Received-SPF: pass (google.com: domain of linux-kernel-owner@vger.kernel.org designates 2620:137:e000::1:20 as permitted sender) client-ip=2620:137:e000::1:20;
Date:   Tue, 13 Jun 2023 13:24:02 -0600
From:   Alex Williamson <alex.williamson@redhat.com>
To:     Jason Gunthorpe <jgg@nvidia.com>
Cc:     ankita@nvidia.com, aniketa@nvidia.com, cjia@nvidia.com,
        kwankhede@nvidia.com, targupta@nvidia.com, vsethi@nvidia.com,
        acurrid@nvidia.com, apopple@nvidia.com, jhubbard@nvidia.com,
        danw@nvidia.com, kvm@vger.kernel.org, linux-kernel@vger.kernel.org
Subject: Re: [PATCH v3 1/1] vfio/nvgpu: Add vfio pci variant module for
 grace hopper
Message-ID: <20230613132402.2765b6cb.alex.williamson@redhat.com>
In-Reply-To: <ZIh+wXFrls7StWzc@nvidia.com>
References: <20230606025320.22647-1-ankita@nvidia.com>
        <20230606083238.48ea50e9.alex.williamson@redhat.com>
        <ZH9RfXhbuED2IUgJ@nvidia.com>
        <20230606110510.0f87952c.alex.williamson@redhat.com>
        <ZH9p+giEs6bCYfw8@nvidia.com>
        <20230606121348.670229ff.alex.williamson@redhat.com>
        <ZH+DdVIyZ6hHCDaK@nvidia.com>
        <20230606153057.4cbc36a0.alex.williamson@redhat.com>
        <ZH/LzyF/uttviRnQ@nvidia.com>
        <20230607122303.5d25c973.alex.williamson@redhat.com>
        <ZIh+wXFrls7StWzc@nvidia.com>
MIME-Version: 1.0
Content-Type: text/plain; charset=US-ASCII
Content-Transfer-Encoding: 7bit
Precedence: bulk

On Tue, 13 Jun 2023 11:35:45 -0300
Jason Gunthorpe <jgg@nvidia.com> wrote:

> On Wed, Jun 07, 2023 at 12:23:03PM -0600, Alex Williamson wrote:
> 
> > > The fixing is generic, a generic function does not elevate to create a
> > > vendor uAPI IMHO.  
> > 
> > Who else is trying to expose a non-power-of-2 region as a BAR right
> > now?   
> 
> I see a few needs in other places internally that are not public yet,
> especially in the SIOV world I alluded to below.
> 
> > We have neither a specification nor a complimentary implementation
> > from which to derive generic support.    
> 
> "specification"? It is literally - the size of the bar is not a power
> of two, so make the resulting hole when mapping that to a vPCI discard
> writes and read 0s.
> 
> This isn't a PCI specification, it is a contract between the kernel
> side and the VMM side within VFIO about how to handle VFIO devices
> where the kernel driver wants to have a padding.
> 
> It makes sense that we shouldn't just do this blidly for the existing
> indexes without some negotation, but that isn't a PCI "compliance"
> problem, that is a incomplete VFIO uAPI design in this patch.
> 
> > GPUs seem to manage to have non-power-of-2 size VRAM while still
> > providing BARs that are a power-of-2, ex. 6GB VRAM, 8GB BAR.    
> 
> Generally excess BAR is modeled in HW as discard writes return 0 (or
> maybe return -1). HW can do this easially. SW is more tricky
> 
> > Why shouldn't the variant driver here extend the BAR region to a
> > power-of-2 and then we can decide the error handling should accesses
> > exceed the implemented range?  
> 
> This sounds doable, I don't know if Ankit had a problem with using the
> sparse mmap feature to do this. We'd need to have the padding be
> non-mmapable space and then the kernel driver would do the discard/0
> with the read/write calls.
> 
> If this works out I'm happy enough if we go this way too. I suppose it
> allows better compatibility with all the VMMs.

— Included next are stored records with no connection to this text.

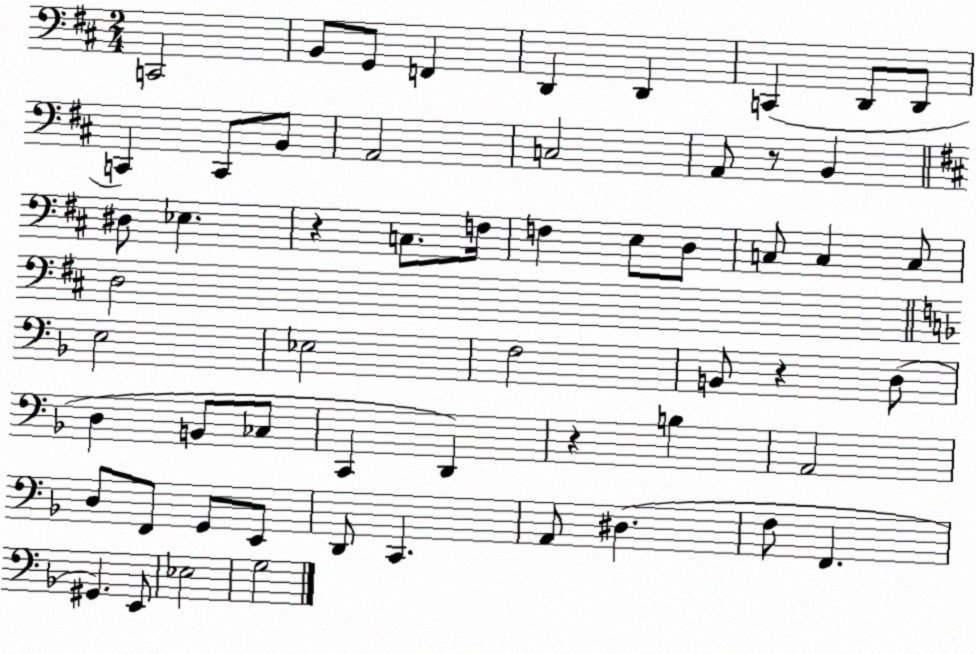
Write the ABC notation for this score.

X:1
T:Untitled
M:2/4
L:1/4
K:D
C,,2 B,,/2 G,,/2 F,, D,, D,, C,, D,,/2 D,,/2 C,, C,,/2 B,,/2 A,,2 C,2 A,,/2 z/2 B,, ^D,/2 _E, z C,/2 F,/4 F, E,/2 D,/2 C,/2 C, C,/2 D,2 E,2 _E,2 F,2 B,,/2 z D,/2 D, B,,/2 _C,/2 C,, D,, z B, A,,2 D,/2 F,,/2 G,,/2 E,,/2 D,,/2 C,, A,,/2 ^D, F,/2 F,, ^G,, E,,/2 _E,2 G,2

I'd even forgotten about the sparse mmap solution here, that's even
better than trying to do something clever with the mmap.

Existing QEMU has an assert in pci_register_bar() that the size of the
MemoryRegion must be a power of 2, therefore it is ABI that the a vfio
PCI BAR region must be a power of 2.  It's not sufficient to change
QEMU, an old QEMU running on a kernel with this device would assert.
The BAR region must either be properly sized or we define a new region
definition which requires new QEMU support to mimic a BAR, but I don't
know why we wouldn't just use this sparse mmap trick.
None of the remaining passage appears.